Hog-line sensors malfunction at Scotties
The honour system is in play at the Canadian women's curling championship when it comes to hog-line violations.
A curler delivering a stone must release it before it reaches the hog line. Sensors in each stone's handle determine whether the rock is released in time thanks to a magnetic strip embedded in the ice under the hog line.
A green light in the handle indicates a legal delivery, while a red light indicates a violation and the stone gets pulled.
But handle sensors were disabled at the Scotties Tournament of Hearts in Calgary after five hog-line violations in the second draw.
“Some spots were prematurely lighting up,” said Curling Canada's chief ice technician Greg Ewasko. “We deemed it's not really fair to the curlers.”

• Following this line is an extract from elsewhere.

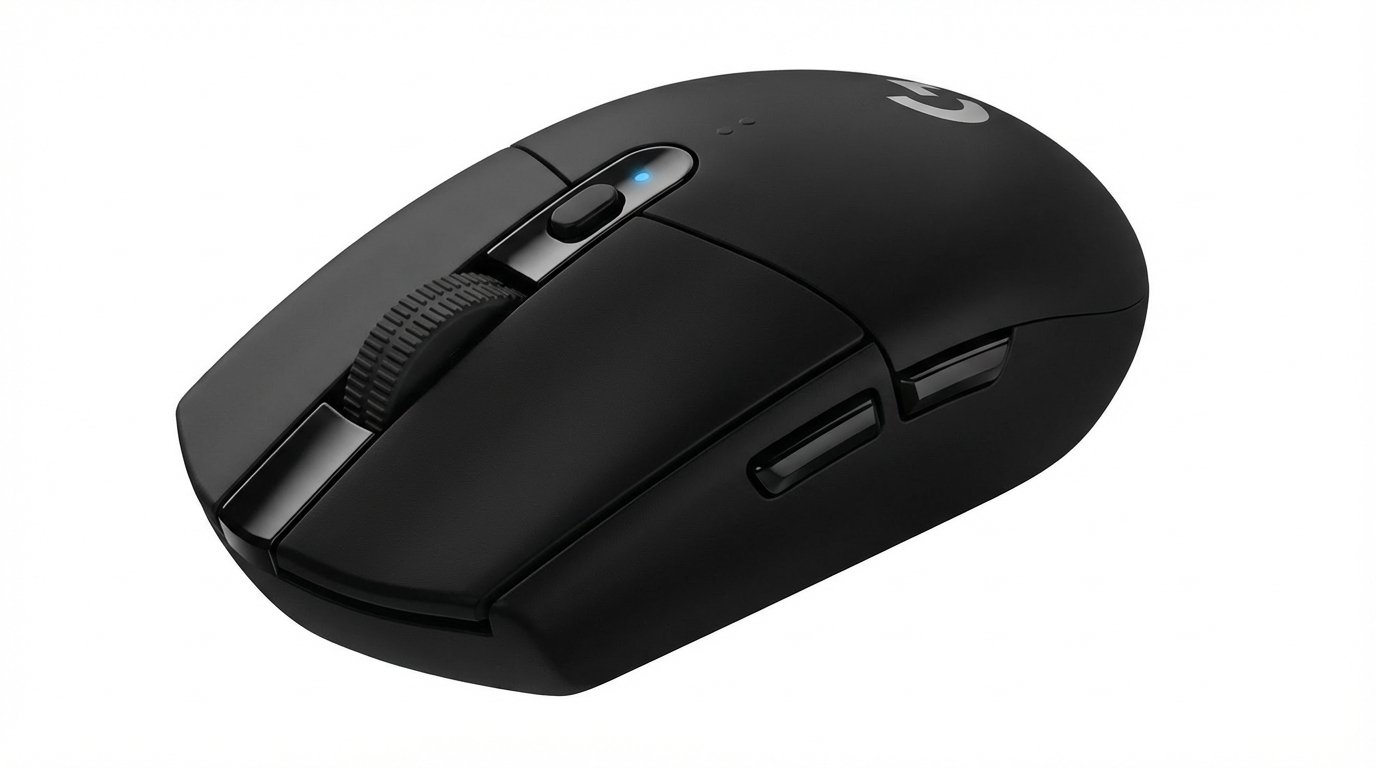 รีวิว Logitech G305 LIGHTSPEED: เมาส์ไร้สายงบประหยัดที่ยังคุ้มค่าในปี 2026 🎮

Ewasko's initial theory that magnets in the arena floor to affix short-track speedskating pylons might be the culprit has been replaced by the possibility that rebar in the floor contains ferrous metal with magnetic properties that interfere with the handle sensor and the ice magnet.
The handles have been replaced in Calgary. They won't be used at the Canadian men's championship March 1-10 in Regina, Ewasko said.
Ewasko is working with a developer on handles that can do a lot more than detect hogline violations. Spitting out split times and rock positioning digitally is in the works, Ewasko said.
“The plan is you're going to be sitting up on the media bench and you'll have a screen telling you how fast Rachel Homan delivered that rock and did she go down the same line?” he said.
Handle sensors malfunctioned at both the 2022 Olympic Games in Beijing, as well as the 2022 women's world championship in Prince George, B.C. The honour system was instituted in both cases.